Nel corso del processo, il giudice ha disposto una consulenza tecnica d’ufficio per accertare l’entità dei danni, ma la decisione finale si è basata principalmente sulle testimonianze raccolte. È stata anche formulata una proposta conciliativa da parte del giudice, che suggeriva un accordo per una somma complessiva di circa 8.800 euro, ma la scuola ha rifiutato. La causa è proseguita fino alla decisione finale, arrivata il 12 marzo 2026.

Le motivazioni del giudice

Il giudice, con la sentenza n. 510 del 13 marzo scorso, ha rigettato la domanda degli attori, ritenendo che la scuola avesse fornito la prova liberatoria della propria responsabilità. Il punto di partenza è un principio di diritto consolidato: la responsabilità dell’istituto scolastico per i danni che gli alunni procurano a se stessi ha natura contrattuale, non extracontrattuale.

Come affermato dalle Sezioni Unite della Cassazione (sentenza n. 9436 del 2002), l’iscrizione a scuola determina “l’instaurazione di un vincolo negoziale, dal quale sorge a carico dell’istituto l’obbligazione di vigilare sulla sicurezza e l’incolumità dell’allievo”.

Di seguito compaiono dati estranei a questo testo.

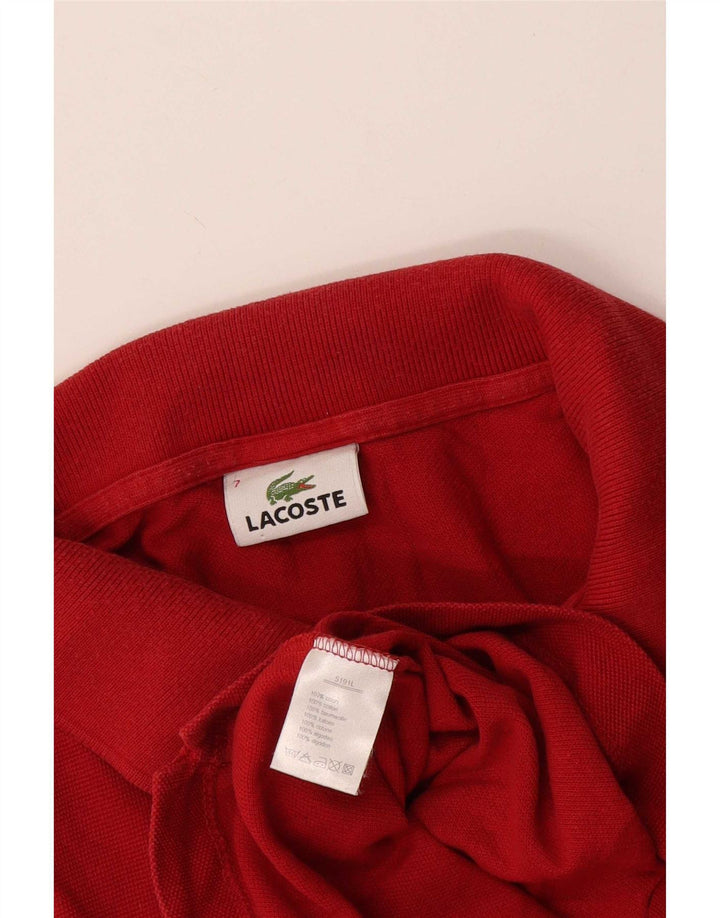 Polo Lacoste para hombre talla 7 2XL algodón rojo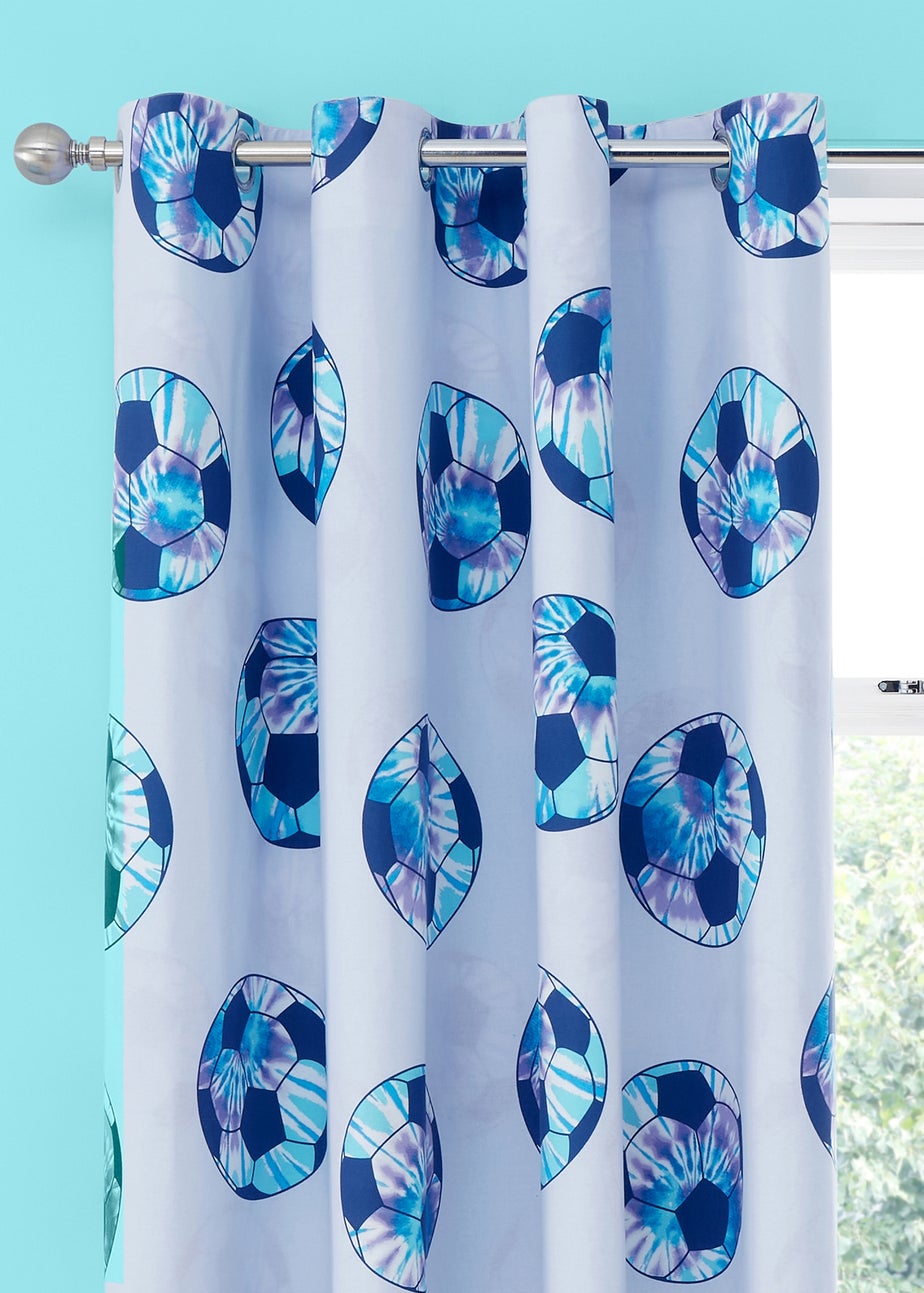 Catherine Lansfield Tie Dye Football Reversible Curtains Lilac Blue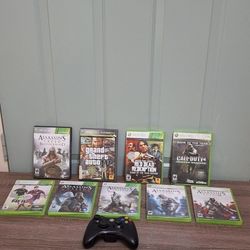 9 Xbox 360 Games And 1 Wireless Controller 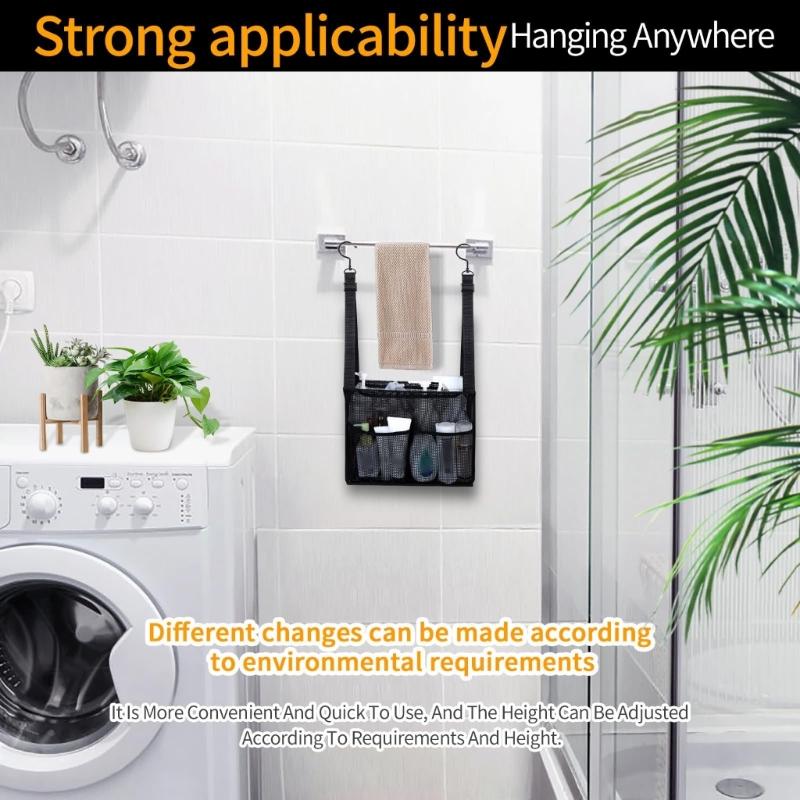 Pack of 2 Adjustable Hanging Meshes Bath Storage Bags Breathable Fabric No Tools Installation for Bathroom Organization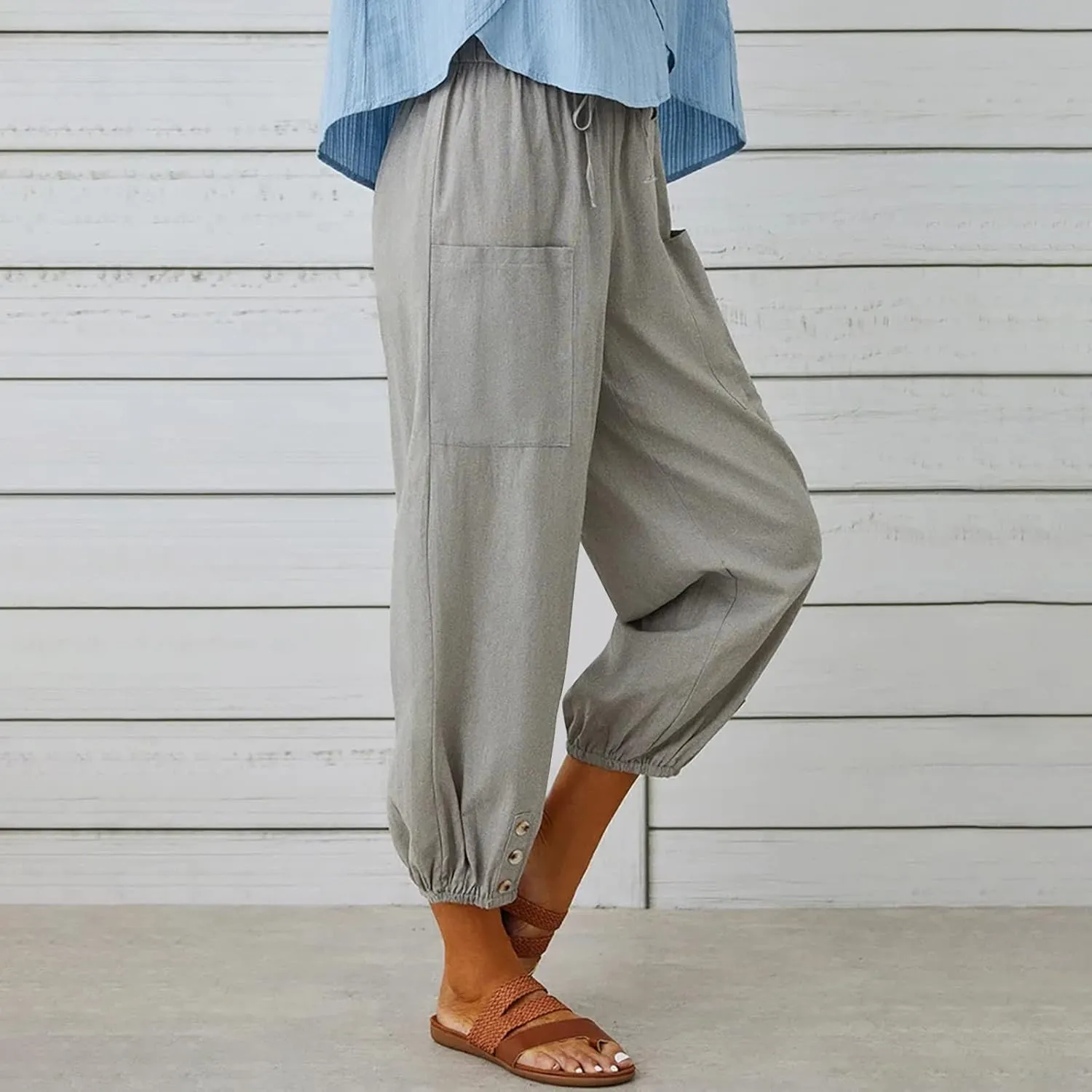 Linen Pants for Women Summer Elastic High Waist Lounge Pant Wide Leg Cropped Trousers Pocketed Beach Vacation Wear
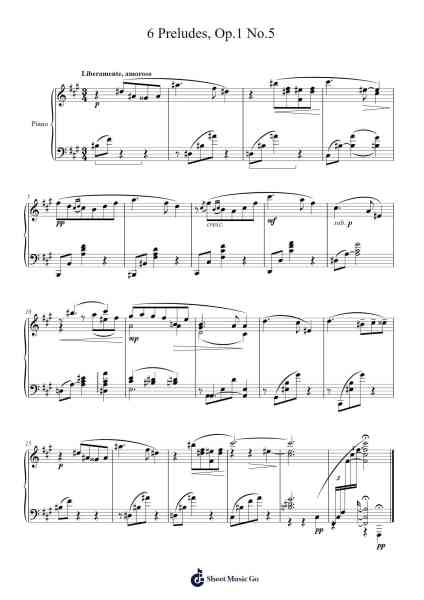 6 Preludes, Op. 1 No. 5 Sheet Music by Anatoly Alexandrov-Arr.Edphne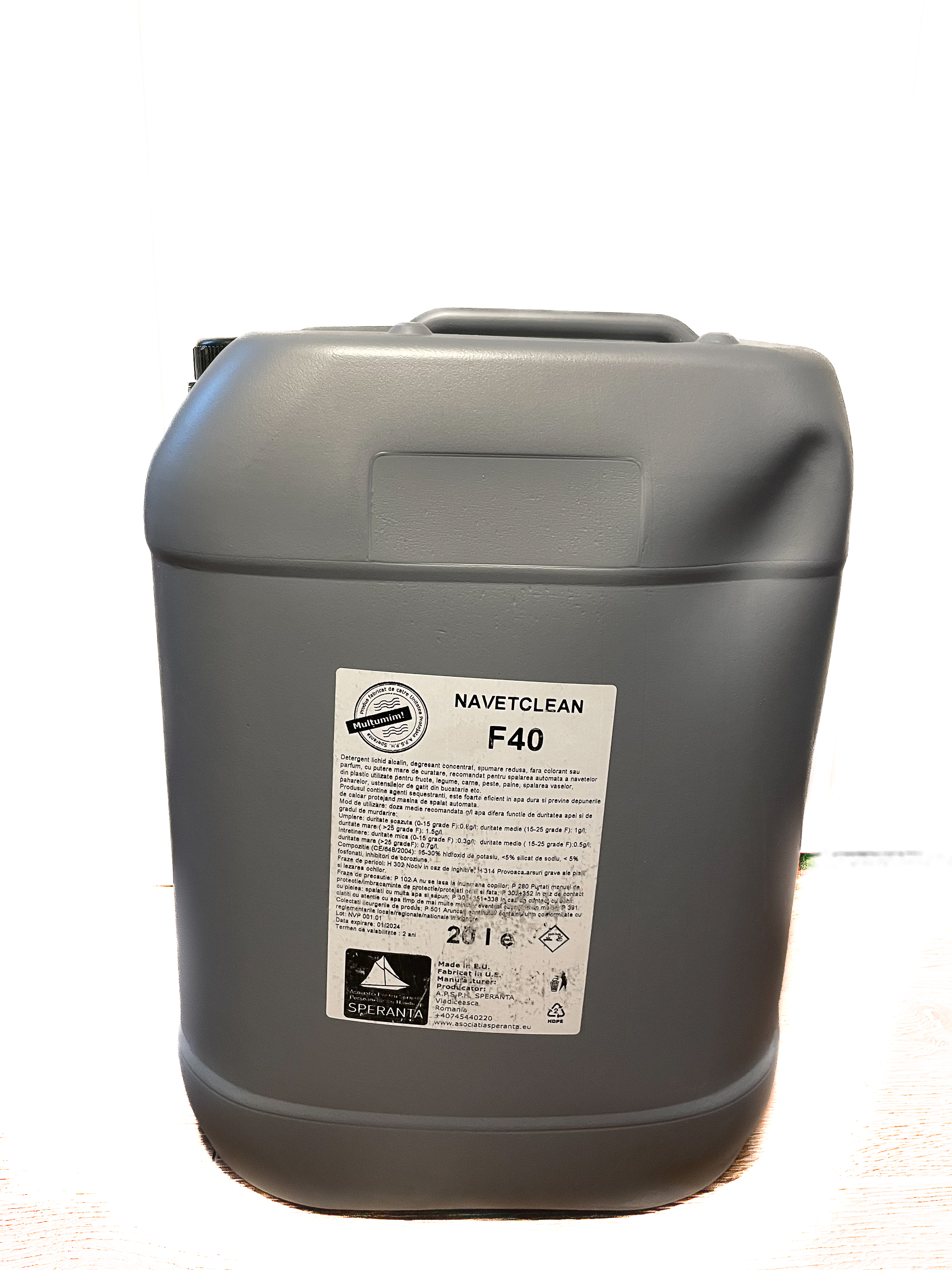 Detergent degresant profesional alcalin spalare navete plastic NAVETCLEAN F40 20 Litri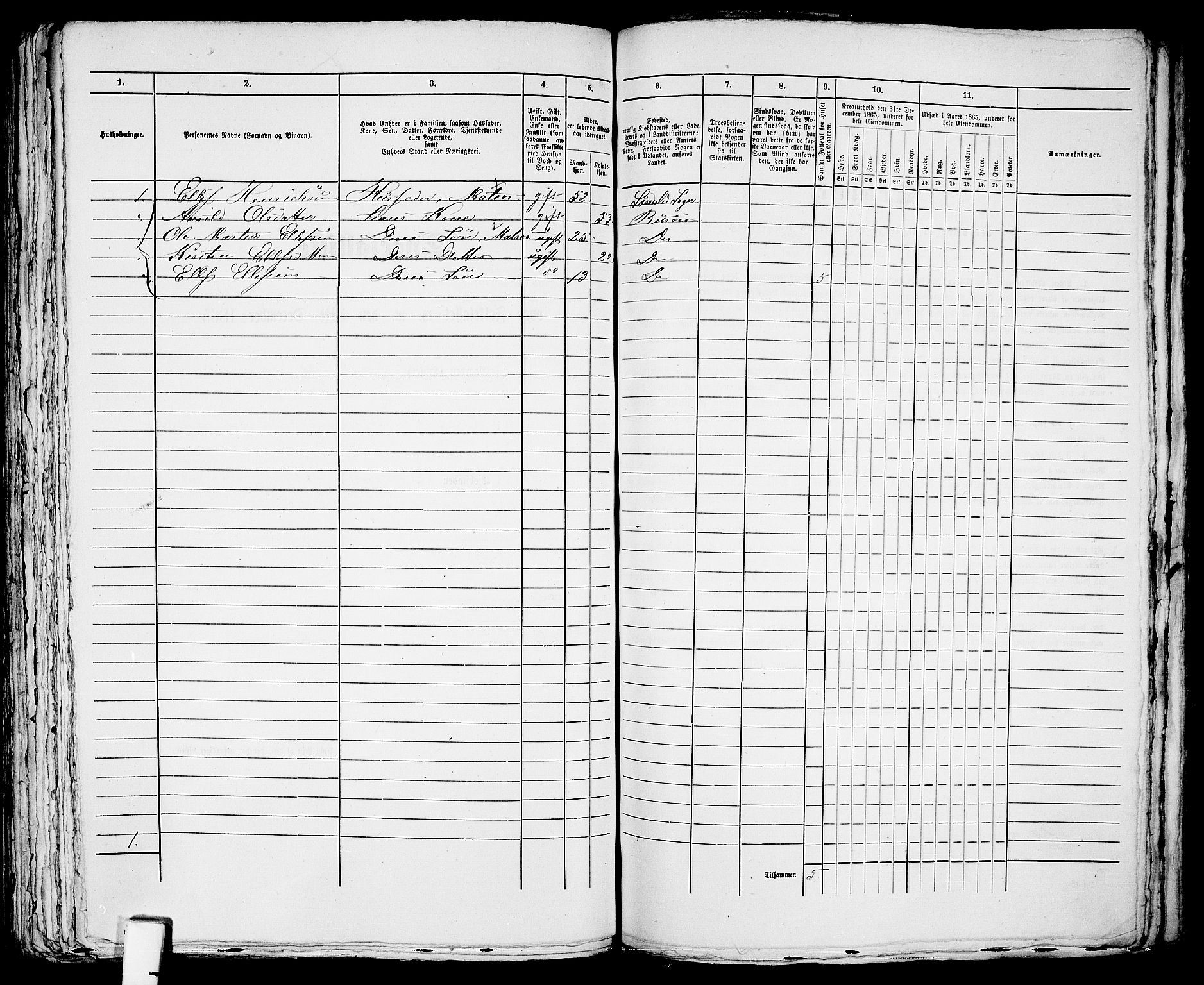 RA, 1865 census for Risør/Risør, 1865, p. 616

Ciò significa che, mentre i genitori devono provare che il danno si è verificato durante il rapporto scolastico, spetta alla scuola dimostrare che l’evento è stato determinato da una causa a essa non imputabile.

Nel caso specifico, i genitori hanno assolto al loro primo onere: il danno si è verificato in aula, durante l’orario scolastico. Il problema è la dinamica. La testimone principale di parte attrice, la nonna della bambina, ha riferito di aver appreso da una mamma di una compagna, di cui non ricordava nemmeno il nome, che la nipote era stata spinta.

Una testimonianza per sentito dire, che il giudice ha ritenuto del tutto inidonea a provare il fatto storico. Al contrario, le due insegnanti presenti in aula, ascoltate come testi dalla scuola, hanno offerto una “ricostruzione coerente e convergente dell’accaduto, descrivendo una caduta improvvisa della minore mentre si muoveva autonomamente, in un contesto di ordinaria attività didattica”.

Il giudice ha quindi attribuito maggior valore a queste testimonianze, perché provenienti da fonti dirette di conoscenza. La caduta è stata repentina e imprevedibile, avvenuta in presenza dell’insegnante e senza situazioni di pericolo percepibili in anticipo. L’obbligo di vigilanza, precisa la sentenza, “non può essere inteso come controllo continuo e individuale di ogni gesto del minore”. Nessuna misura organizzativa o disciplinare avrebbe potuto impedire l’incidente, che va quindi qualificato come evento inevitabile.

La domanda risarcitoria è stata integralmente rigettata. I genitori, oltre a non ottenere alcun risarcimento, sono stati condannati a pagare le spese legali della scuola, liquidate in 5.077 euro per compensi professionali, oltre a Iva, Cpa e spese generali, e anche le spese della consulenza tecnica d’ufficio.

In caso di incidente a scuola, dunque, la sola presenza di un infortunio non basta a dimostrare la colpa dell’istituto, e le voci raccolte per sentito dire non hanno il peso di una testimonianza oculare.